Celebrate Latinx Heritage Month with People CHICA's LatinXcellence series, spotlighting the incredible women who are changing the world through their work and activism. Today we focus on Puerto Rican tennis star and Olympic gold medalist Monica Puig.

By Lena Hansen
September 27, 2019 11:56 AM

Here at People CHICA we celebrate our Latinidad 365 days a year, but during Latinx Heritage Month, we go extra hard. Established in 1988, Latinx Heritage Month recognizes the generations of Latinx Americans who have positively influenced and enhanced our society. All month long, we'll be celebrating with a series called #LatinXcellence, highlighting women who are making a difference in Latinx culture today through their art, work and activism.

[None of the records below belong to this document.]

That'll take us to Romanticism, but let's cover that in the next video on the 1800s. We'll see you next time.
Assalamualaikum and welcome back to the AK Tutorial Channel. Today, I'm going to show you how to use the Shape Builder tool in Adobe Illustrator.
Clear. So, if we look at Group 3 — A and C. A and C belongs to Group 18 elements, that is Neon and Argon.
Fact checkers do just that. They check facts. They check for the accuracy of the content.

Puerto Rican tennis star Monica Puig has shown other athletes that the sky is the limit. In 2016, she became the first athlete to win an Olympic gold medal for Puerto Rico. After her success at the Summer Games in Rio de Janeiro, the proud boricua spoke to People en Español about what it meant to bring home the gold to her native island and the sacrifices that took her there. “I love sports, so when I saw that I could do this as a career, it inspired me to follow this path,” she said.

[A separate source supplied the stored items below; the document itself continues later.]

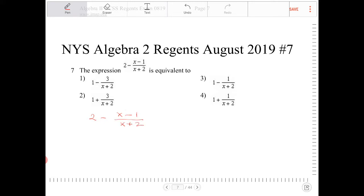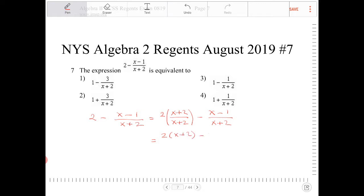In order for us to combine these two expressions together, we will need to create common denominators. So I'm going to multiply the 2 by x plus 2 over x plus 2, and I'm going to subtract that with x minus 1 over x plus 2. This will then become 2 times x plus 2 minus x minus 1, but don't forget to put parentheses around the x minus 1 because we are subtracting the entire numerator of that fraction, all over x plus 2.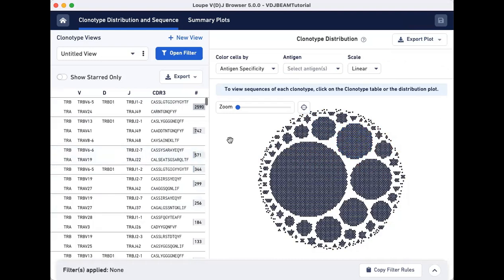We're only interested in clonotypes that have a high antigen specificity score for the SARS-CoV-2 antigen, so let's filter out the non-COVID clonotypes from this list.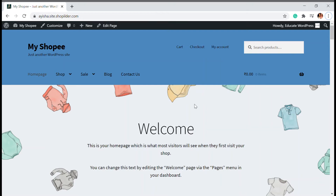Hello and welcome back to Educate WordPress, where we talk everything about WordPress. I'm Ayesha, and in this video we're going to see how you can show categories on the shop page.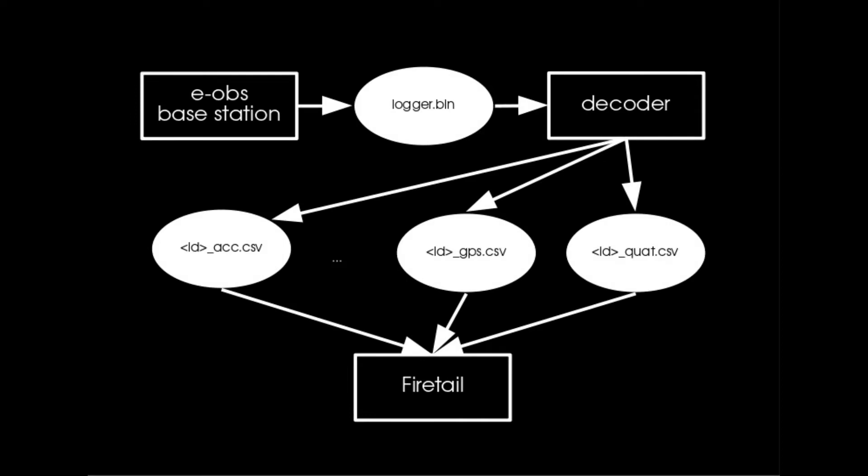Today I would like to show you how to extract data from an eObs logger bin file using the decoder software and how to import the resulting files into Firetel.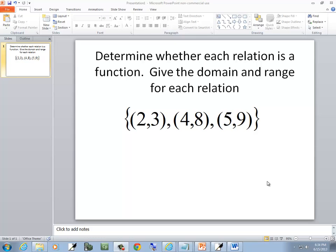In this problem, we want to determine whether each relation is a function and then give the domain and range for each relation.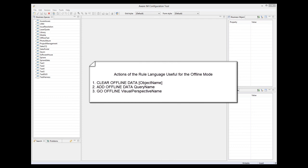The Clear Offline Data action clears either the entire offline storage or removes all instances of the specified business object in the offline storage. The Add Offline Data action populates offline storage with the results of the specified query. And the Go Offline action prepares the system for the offline mode and goes offline. This means that it is possible to run a process that will automatically populate the offline storage, possibly with the user's help, and will do all necessary steps to go offline.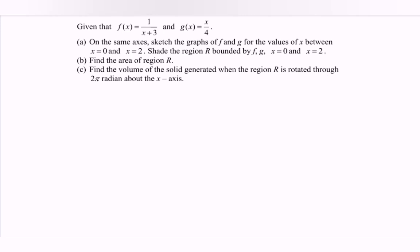Hello everyone. In this video I'm going to discuss the example for integration regarding area and volume. Given we have the function f(x) = 1/(x+3) and the function g(x) = x/4. On the same axis, sketch the graph of f(x) and g(x).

Becoming the best took a lot of hard work. “I started to prepare myself physically, I started working hard to reach my goals and to believe that I could achieve anything,” she explained. “I knew that if I truly believed it that I could do it.”

Getting an education was also important to Puig, who studied communications and told the magazine she has aspirations outside the tennis court: “I want to be a journalist and a tennis match commentator.” For the 26-year-old athlete, having the support of her loved ones has been crucial. “They inspire me to keep going forward and to fight for my dreams,” she said. Still, she also knows when to relax. “I love spending time with family, going to the beach,” she added. Being in the spotlight after taking home the gold in Rio took some getting used to. “The experience and all the attention has been a bit overwhelming,” she admitted.

While continuing to pursue her passion for tennis, she has put her fame to good use, setting up a fundraiser to help the victims of the devastating Hurricane Maria in her homeland in 2017. “I promise to do everything in my power to help my beloved island and fellow Puerto Ricans to rebuild, heal and restore Puerto Rico,” she expressed on Twitter. She kept her promise, collaborating with the Yo No Me Quito Foundation to help those in need.

She also supported fellow Puerto Ricans in getting governor Ricardo Rosselló to resign this year amid massive street protests over a corrupt government. “Our kids and youth, who are our future, need and deserve a Puerto Rico with strong values and committed to positive change,” she tweeted then. Puig has said she wants to keep winning more tennis medals and trophies, but her ultimate goal is to continue giving her best through her humanitarian work.